The most asked AWS questions in DevOps interviews — from freshers to experienced.
Networking & Security
Security Group vs NACL?
SG: instance-level, stateful, allow-only. NACL: subnet-level, stateless, allow+deny. SG = room door lock, NACL = floor security guard. Use SGs as primary firewall.
Public vs Private Subnet?
Public: has route to Internet Gateway (resources get public IPs). Private: no direct internet route (use NAT Gateway for outbound). Put app servers in private, ALB in public.
NAT Gateway vs Internet Gateway?
IGW: two-way door (internet can reach you). NAT: one-way mirror (you can reach internet, but internet cannot reach you). Private subnets use NAT for updates.
Site-to-Site VPN vs Direct Connect?
VPN: encrypted tunnel over internet, cheap, quick to set up, variable latency. Direct Connect: dedicated fiber cable, expensive, 1-10 Gbps, consistent low latency.
Compute & Scaling
What is Auto Scaling?
Automatically adds EC2 instances when traffic increases, removes when it drops. Min/desired/max capacity. Uses Launch Templates to create identical instances.
ALB vs NLB?
ALB: Layer 7, HTTP/HTTPS, path-based routing, supports WebSocket. NLB: Layer 4, TCP/UDP, static IP, millions of requests/sec. ALB for web apps, NLB for gaming/TCP.

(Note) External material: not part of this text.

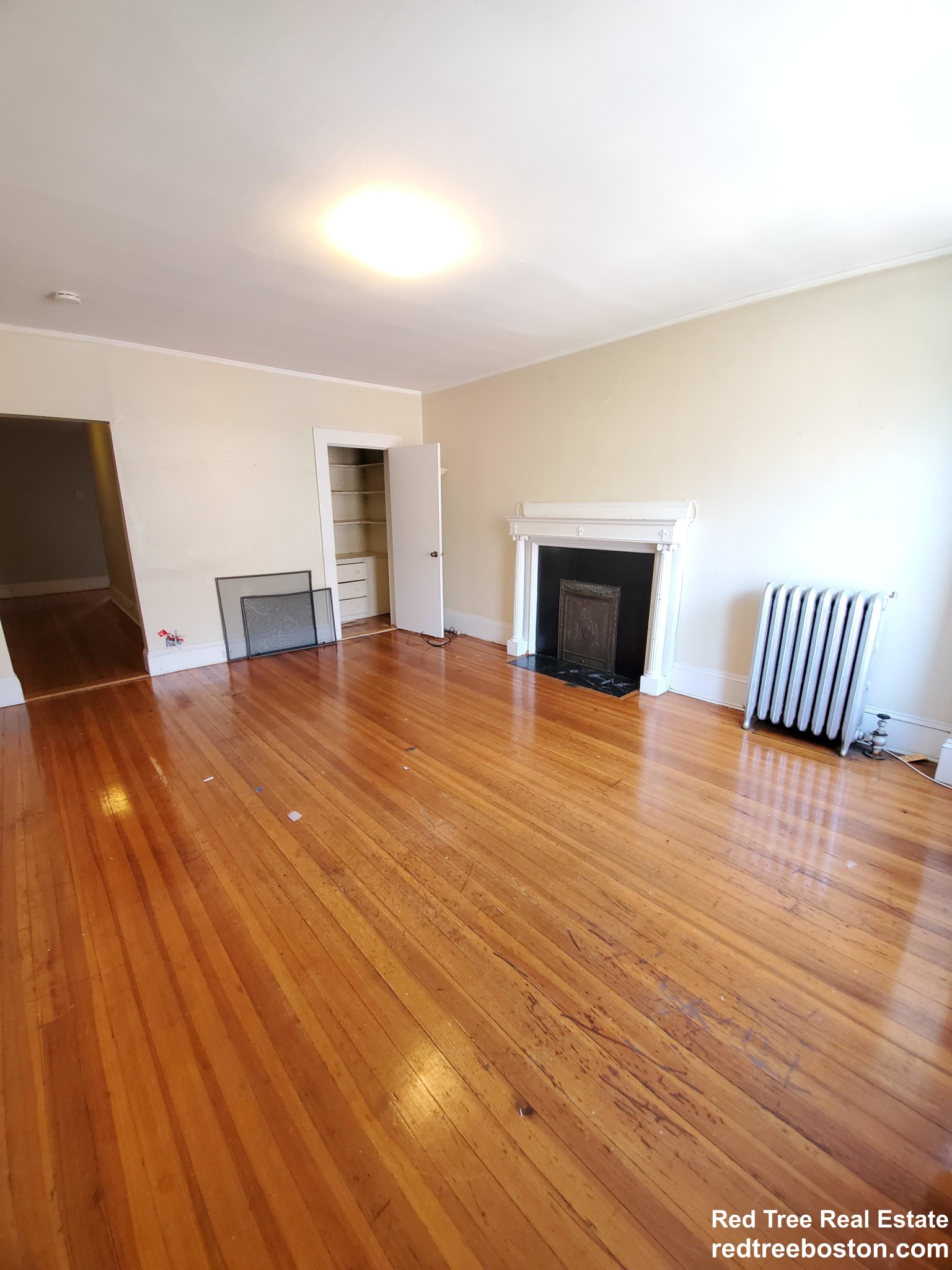 3 bed, 2 bath apartment for rent at 219 Harvard St Unit 22, Brookline — photo 2 of 16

What are ALB Listeners and Rules?
Listener: port+protocol ALB listens on (443 HTTPS). Rules: conditions that route traffic (IF path=/api THEN forward to api-target-group).
Spot vs Reserved vs On-Demand?
On-Demand: pay per hour, no commitment. Reserved: 1-3 year commitment, 72% savings. Spot: unused capacity, 90% savings, can be terminated. Use Reserved for production, Spot for CI/CD.
Storage & Database
EBS vs S3?
EBS: block storage, attached to EC2, like a hard drive. S3: object storage, accessed via HTTP, unlimited size. EBS for OS/databases, S3 for files/backups/static content.
S3 Storage Classes?
Standard (frequent), Standard-IA (infrequent), Glacier Instant (archive), Glacier Deep (long-term). Use Lifecycle Rules to auto-move objects between classes.

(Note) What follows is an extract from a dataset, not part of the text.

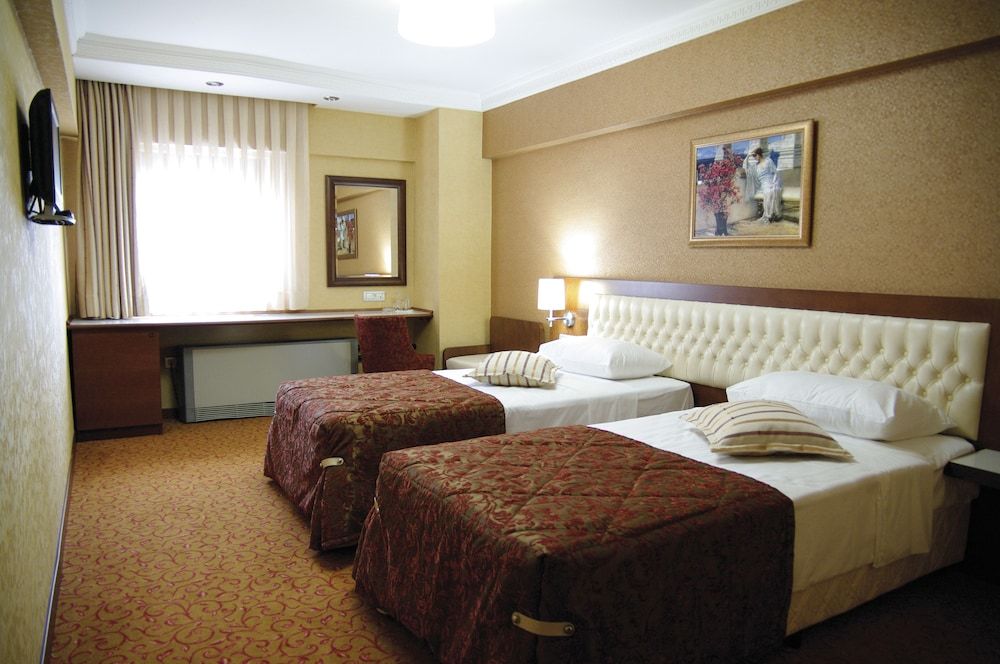 Hotel Yuksel Twin Room 4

RDS Multi-AZ vs Read Replica?
Multi-AZ: standby in another AZ for failover (high availability). Read Replica: copy for read queries (performance). Multi-AZ for HA, Read Replicas for scale.
What is Route 53?
AWS DNS service. Translates domain names to IPs. Supports routing policies: simple, weighted (canary), latency (nearest region), failover (disaster recovery).
Monitoring & IaC
What is CloudWatch?
AWS monitoring: Metrics (CPU, memory), Logs (centralized log search), Alarms (alert when thresholds crossed). Every AWS service sends data to CloudWatch automatically.

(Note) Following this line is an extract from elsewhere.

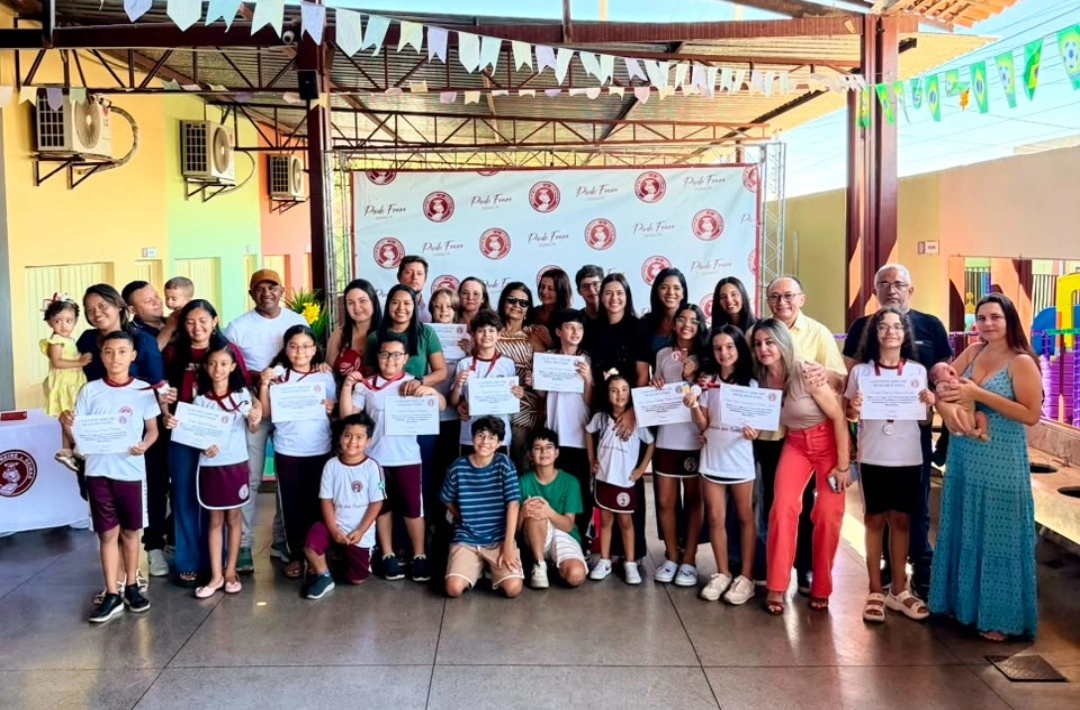 Alunos recebem medalhas da Provinha SAS e da OBMEP na Sociedade Educacional Paulo Freire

CloudFormation vs Terraform?
CloudFormation: AWS-only, free, no state file. Terraform: multi-cloud, needs state management, more flexible. CloudFormation for AWS-only, Terraform for multi-cloud.
What is WAF?
Web Application Firewall. Sits in front of ALB/CloudFront. Blocks SQL injection, XSS, bot traffic, rate-limits IPs. Use AWS Managed Rules for OWASP Top 10 protection.
VPC Peering vs Transit Gateway?
Peering: direct 1-to-1 VPC connection, not transitive. Transit Gateway: central hub connecting many VPCs (star topology). Use TGW for 5+ VPCs.
Gateway vs Interface Endpoint?
Gateway: free, S3 and DynamoDB only. Interface: creates ENI in subnet, 80+ AWS services, costs per hour+GB. Use Gateway for S3 (saves NAT costs).
ECS vs EKS?
ECS: simple, AWS-native, free control plane. EKS: full Kubernetes, portable, $73/month control plane. ECS for simplicity, EKS for K8s teams.